Nesse contexto, crédito deixa de ser apenas consequência de um balanço forte. Torna-se um ativo estratégico, provavelmente o mais importante depois do próprio Bitcoin.
Uma nova forma de analisar Bitcoin Treasury Companies
A evolução do setor também exige uma mudança no modelo mental dos investidores. Observar as reservas absolutas, o Bitcoin por ação, o BTC Yield e o mNAV continuará sendo essencial. Mas a análise precisa incorporar a qualidade do capital stack, a duração das fontes de financiamento, a flexibilidade da reserva em dólares, a precificação das preferenciais e a capacidade de preservar o acesso ao mercado ao longo de diferentes ciclos.
A pergunta deixa de ser apenas: quanto Bitcoin esta empresa possui? Ela passa a incluir uma segunda questão: por quanto tempo a companhia conseguirá sustentar esse patrimônio e continuar expandindo-o sem comprometer a qualidade de sua estrutura de capital? Essa pergunta é mais difícil porque sua resposta não está contida em uma única métrica. Ela exige compreender como o balanço, o mercado e a confiança interagem ao longo do tempo.

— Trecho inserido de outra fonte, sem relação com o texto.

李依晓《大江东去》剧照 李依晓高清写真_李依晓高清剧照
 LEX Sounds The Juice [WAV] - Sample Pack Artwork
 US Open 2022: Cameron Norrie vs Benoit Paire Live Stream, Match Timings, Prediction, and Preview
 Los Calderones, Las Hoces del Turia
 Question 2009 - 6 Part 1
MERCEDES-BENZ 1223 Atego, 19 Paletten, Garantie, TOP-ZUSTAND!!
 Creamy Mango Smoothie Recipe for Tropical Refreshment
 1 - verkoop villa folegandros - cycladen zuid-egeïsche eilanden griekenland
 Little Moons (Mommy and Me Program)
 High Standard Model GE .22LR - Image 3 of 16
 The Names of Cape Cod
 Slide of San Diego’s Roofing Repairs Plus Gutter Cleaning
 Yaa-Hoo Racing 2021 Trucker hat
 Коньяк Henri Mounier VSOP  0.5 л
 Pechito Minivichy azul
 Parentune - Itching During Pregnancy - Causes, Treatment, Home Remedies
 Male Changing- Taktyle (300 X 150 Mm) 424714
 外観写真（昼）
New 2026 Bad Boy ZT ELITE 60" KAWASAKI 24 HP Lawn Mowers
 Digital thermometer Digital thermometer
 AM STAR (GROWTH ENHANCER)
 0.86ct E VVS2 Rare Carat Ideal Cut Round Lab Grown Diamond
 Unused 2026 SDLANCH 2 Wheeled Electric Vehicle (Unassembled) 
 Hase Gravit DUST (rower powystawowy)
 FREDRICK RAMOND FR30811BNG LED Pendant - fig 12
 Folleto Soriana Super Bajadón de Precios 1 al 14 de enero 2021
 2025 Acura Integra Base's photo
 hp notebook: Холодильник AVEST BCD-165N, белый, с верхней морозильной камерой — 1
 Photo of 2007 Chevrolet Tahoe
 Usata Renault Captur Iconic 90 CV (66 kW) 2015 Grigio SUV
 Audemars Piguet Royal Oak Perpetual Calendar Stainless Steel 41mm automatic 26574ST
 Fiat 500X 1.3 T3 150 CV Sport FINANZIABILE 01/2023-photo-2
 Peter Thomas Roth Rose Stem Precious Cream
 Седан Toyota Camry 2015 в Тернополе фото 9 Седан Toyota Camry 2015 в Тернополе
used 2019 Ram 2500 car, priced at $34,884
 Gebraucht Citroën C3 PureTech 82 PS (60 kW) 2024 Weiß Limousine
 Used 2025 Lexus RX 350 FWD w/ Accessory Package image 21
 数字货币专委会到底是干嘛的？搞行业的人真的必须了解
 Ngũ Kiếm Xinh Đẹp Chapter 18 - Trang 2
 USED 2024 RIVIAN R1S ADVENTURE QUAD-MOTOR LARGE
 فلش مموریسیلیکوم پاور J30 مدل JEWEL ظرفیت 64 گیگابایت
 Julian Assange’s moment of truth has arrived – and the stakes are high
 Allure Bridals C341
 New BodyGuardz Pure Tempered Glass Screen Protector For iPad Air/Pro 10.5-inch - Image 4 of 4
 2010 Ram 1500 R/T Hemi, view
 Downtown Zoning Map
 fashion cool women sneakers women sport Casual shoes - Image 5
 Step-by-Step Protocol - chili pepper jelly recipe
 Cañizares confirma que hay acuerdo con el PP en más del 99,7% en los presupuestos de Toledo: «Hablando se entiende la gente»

Quando observada isoladamente, a decisão da Strategy de ampliar sua reserva em dólares pode parecer apenas um episódio de gestão de caixa. Inserida no contexto mais amplo de sua política de reserva, do programa de monetização de Bitcoin, da gestão da STRC e da expansão de seus instrumentos preferenciais, ela assume outro significado.

O episódio sugere que a Strategy está deixando de utilizar o ATM exclusivamente como uma ponte imediata entre ações ordinárias e novas compras de Bitcoin. O capital ordinário também passou a ser usado para administrar liquidez, proteger as camadas superiores do capital stack e preservar a estabilidade da plataforma financeira. Essa mudança possui um custo visível: a diluição temporária do Bitcoin por ação.
Mas ela também pode produzir um benefício menos imediato: maior resiliência para atravessar períodos em que o mercado deixa de financiar a acumulação com facilidade.
Ainda é cedo para concluir que esse modelo definirá permanentemente o setor. Os próximos ciclos mostrarão quais estruturas serão capazes de preservar o acesso ao capital, quais instrumentos manterão demanda suficiente e quais companhias conseguirão equilibrar acumulação, cobertura financeira e criação de valor por ação. Uma conclusão preliminar, contudo, parece cada vez mais difícil de evitar.
O sucesso das próximas gerações de Bitcoin Treasury Companies dificilmente será explicado apenas pela quantidade de Bitcoin acumulada. Ele dependerá, em grande medida, da capacidade de transformar esse patrimônio em uma plataforma financeira capaz de inspirar confiança, administrar compromissos e preservar opções mesmo quando as condições de mercado deixarem de ser favoráveis.
Bitcoin resolve o problema da escassez do ativo. Ele não resolve, sozinho, o problema do financiamento corporativo. Talvez essa seja a principal lição da decisão recente da Strategy. A companhia não deixou de comprar Bitcoin porque necessariamente perdeu convicção no ativo.
As evidências sugerem que, naquele momento, considerou mais importante fortalecer a infraestrutura financeira que poderá permitir novas aquisições quando outros participantes já não dispuserem das mesmas condições. Se essa interpretação estiver correta, a próxima fase das Bitcoin Treasury Companies não será definida apenas por quem conseguir acumular mais Bitcoin.
Será definida por quem conseguir financiá-lo por mais tempo.
Bitcoin Treasury Takeaway
Bitcoin pode ser o ativo mais escasso do balanço, mas é a qualidade da arquitetura de crédito que determina por quanto tempo uma Bitcoin Treasury Company conseguirá continuar acumulando esse ativo.